ミラノの創作系男子たち

「なぜ?」の連続が作品に 哲学畑の彼女は問題の構造に立ち向かう~女子編 (1/3ページ)

安西洋之
安西洋之

 この連載を1年間続けてきた。そこで一つ思った。タイトルが「創作系男子」ではあるが、男性だけではなく、たまには女性も取り上げたい。紹介したい女性も多く、除外するのはもったいないのだ。今回はその第一弾だ。

 マリアキアラはデジタルマーケティング会社でアート・ディレクターの職にあるが、この世界にありがちなスピード思考の信奉者ではない。ゆっくりとものを考える価値を十分に理解している。一般にイタリアの人は人文系への傾倒があるためか、時間をかけて考えて出す結論に重きをおく。だが、彼女には「時間をかけて」の前に「とても」という副詞をつけるのがふさわしい。 

 「企業経営でいえば、最初の段階に十分な思考ができる時間が必要で、そこで方向が決まれば後はスピード」とマリアキアラは話す。

 彼女はイタリアの大学で哲学を勉強し、現象学のフッサールも教壇に立っていたドイツのフライブルク大学で修士を修めた哲学者だ。その後、小さい頃から絵を描くのが好きなマリアキアラは、たまたまデザイン大学の奨学金も受けることになる。哲学で博士課程に進むことも考えたが、学校という世界に留まるのには躊躇したのだ。それが現在の仕事への道を拓いた。

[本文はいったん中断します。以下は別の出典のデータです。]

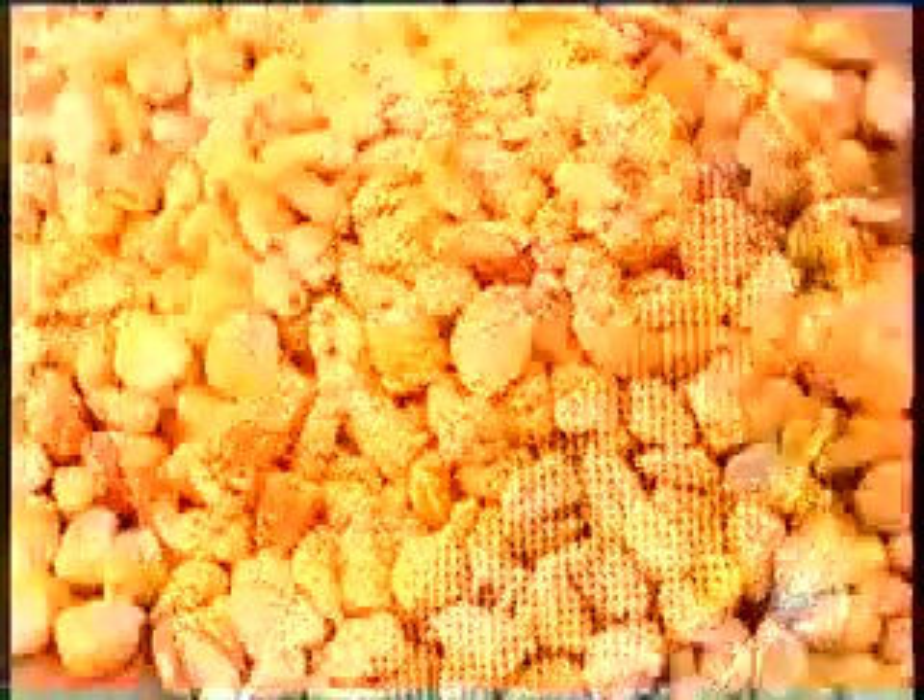Cats need more fat and protein in their diet than dogs do, but the basic ingredients that factories grind up to make dog and cat food are similar. First, corn kernels.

 「哲学とは何故?を問い続ける学問だから、顧客に何故を問い続ける今の仕事は向いているわ。私の関心は常にコンセプトに関わることだから」と語る。

 戦略を考えるのが彼女の仕事だ。

 その一方で、本のイラストを描くことも副業にしている。子供向けの絵本、病気の療養のためのイラスト、哲学の本と多岐にわたっている。

 これだけ聞いたら、相手が女性でもやはりちゃんとインタビューして記事にしたいと思うではないか。なぜ哲学を勉強したのか?なぜ哲学を勉強の後、ファインアートの世界に行かなかったのか?と、ぼくも「何故」を連発したくなったのだ。